■ DATA EXCERPT
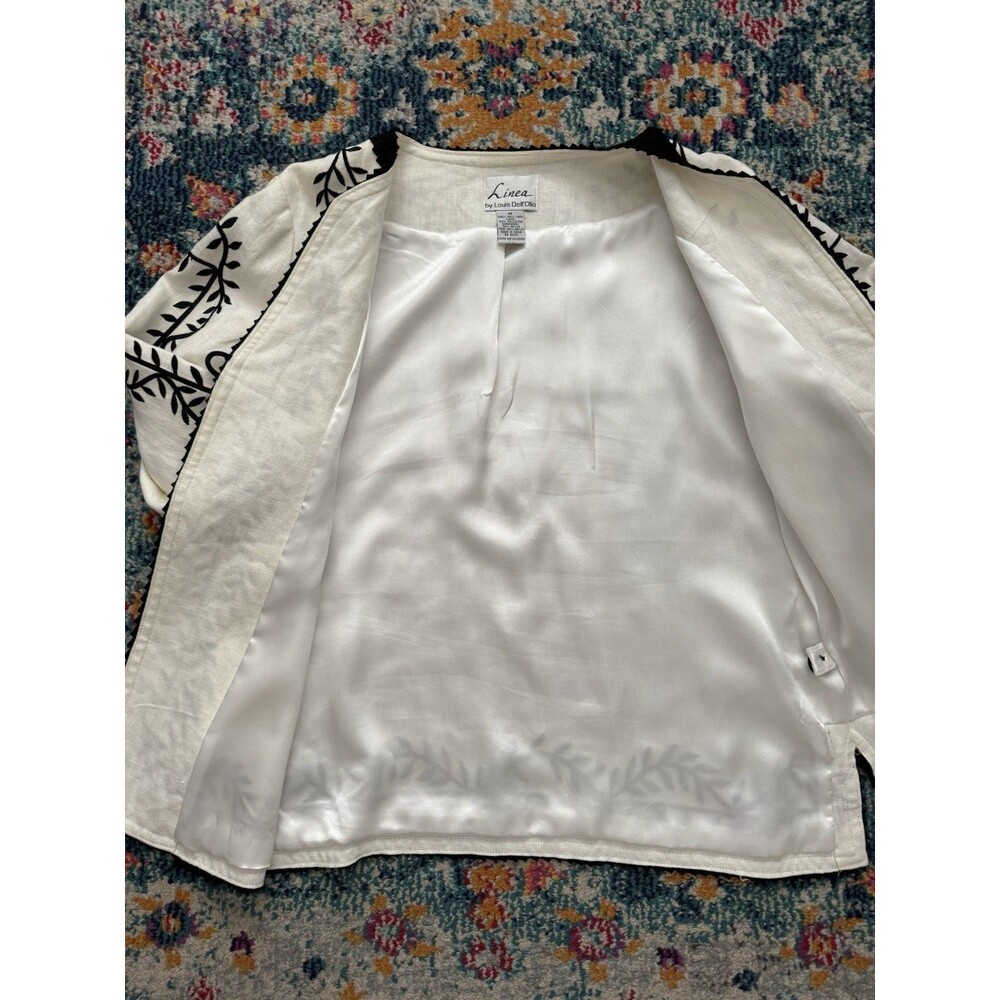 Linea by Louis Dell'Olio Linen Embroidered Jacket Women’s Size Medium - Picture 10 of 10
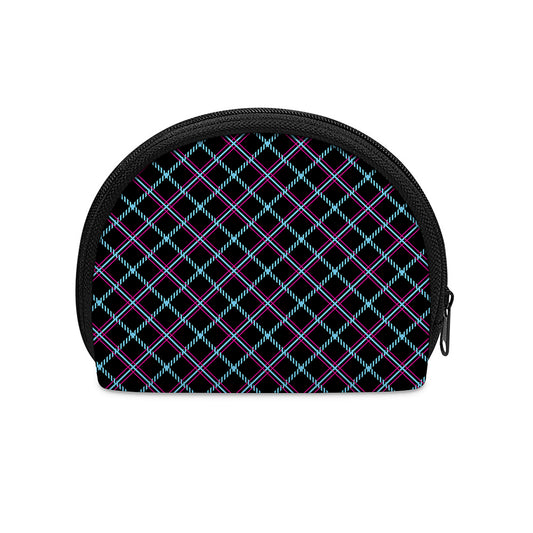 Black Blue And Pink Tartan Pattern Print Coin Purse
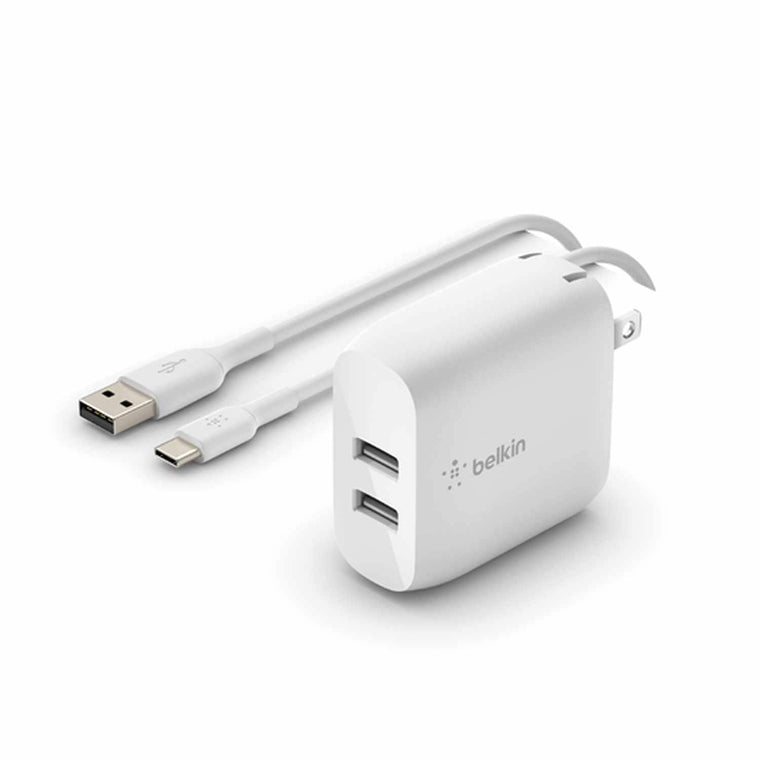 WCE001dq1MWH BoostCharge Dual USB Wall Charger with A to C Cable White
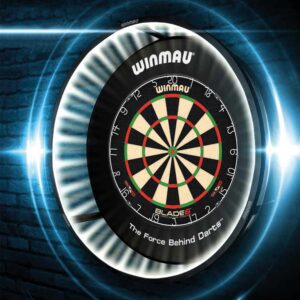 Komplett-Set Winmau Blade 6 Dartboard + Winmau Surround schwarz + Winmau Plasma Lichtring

■ WORK TO BE COMPLETED
Would you please set down the listing above exactly, minus its images?

■ RESPONSE BELOW
 Linea by Louis Dell'Olio Linen Embroidered Jacket Women’s Size Medium - Picture 10 of 10
 Black Blue And Pink Tartan Pattern Print Coin Purse
 WCE001dq1MWH BoostCharge Dual USB Wall Charger with A to C Cable White
 Komplett-Set Winmau Blade 6 Dartboard + Winmau Surround schwarz + Winmau Plasma Lichtring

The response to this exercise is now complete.